When $V_{bulk}>V_a/e$
$I=\frac{2.2e^{3}V_{bulk}^{2}(A_0+A_1\sigma^{A_2})}{8{\pi}hV_as_0^{2}(1-\frac{\sigma}{M})^{2}}\Bigg\{\exp\Bigg[-\frac{8{\pi}s_0(1-\frac{\sigma}{M})}{2.96heV_{bulk}^2}\sqrt{2mV_a^3}\Bigg]-(1+\frac{2eV_{bulk}}{V_a})\exp\Bigg[-\frac{8{\pi}s_0(1-\frac{\sigma}{M})}{2.96heV_{bulk}}\sqrt{2mV_a^3(1+\frac{2eV_{bulk}}{V_a})}\Bigg]\Bigg\}$

In the equations above, the effective area for tunneling conduction $A$ is stated as an increasing function dependent on the applied stress $\sigma$, and on coefficients $A_0$, $A_1$, $A_2$ to be experimentally determined.
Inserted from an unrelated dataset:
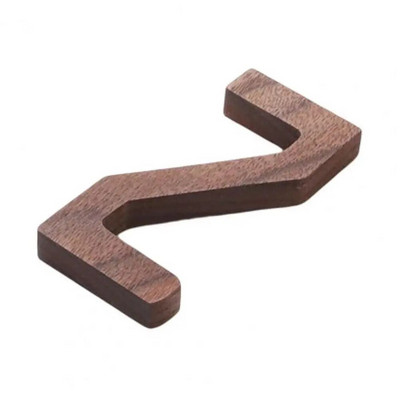 NOVO Nordijski stil Slovo od crnog oraha Ukrasna kombinacija slova Zidna dekoracija DIY Slovo Dekoracija doma Drvena abeceda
This formulation accounts for the increment in the number of conduction paths with stress:

$A=A_0+A_1\sigma^{A_2}$

=== Current research trends in FSRs ===
Although the above model is unable to describe the undesired phenomenon of sensitivity degradation, the inclusion of rheological models has predicted that drift can be reduced by choosing an appropriate sourcing voltage; experimental observations have supported this statement. Another approach to reduce drift is to employ non-aligned electrodes to minimize the effects of polymer creep. There is currently a great effort placed on improving the performance of FSRs with multiple different approaches: in-depth modeling of such devices in order to choose the most adequate driving circuit, changing the electrode configuration to minimize drift and/or hysteresis, investigating on new materials type such as carbon nanotubes, or solutions combining the aforesaid methods.

== Uses ==
Force-sensing resistors are commonly used to create pressure-sensing "buttons" and have applications in many fields, including musical instruments (such as the Sensel Morph), car occupancy sensors, artificial limbs, foot pronation systems, and portable electronics. They are also used in mixed or augmented reality systems as well as to enhance mobile interaction.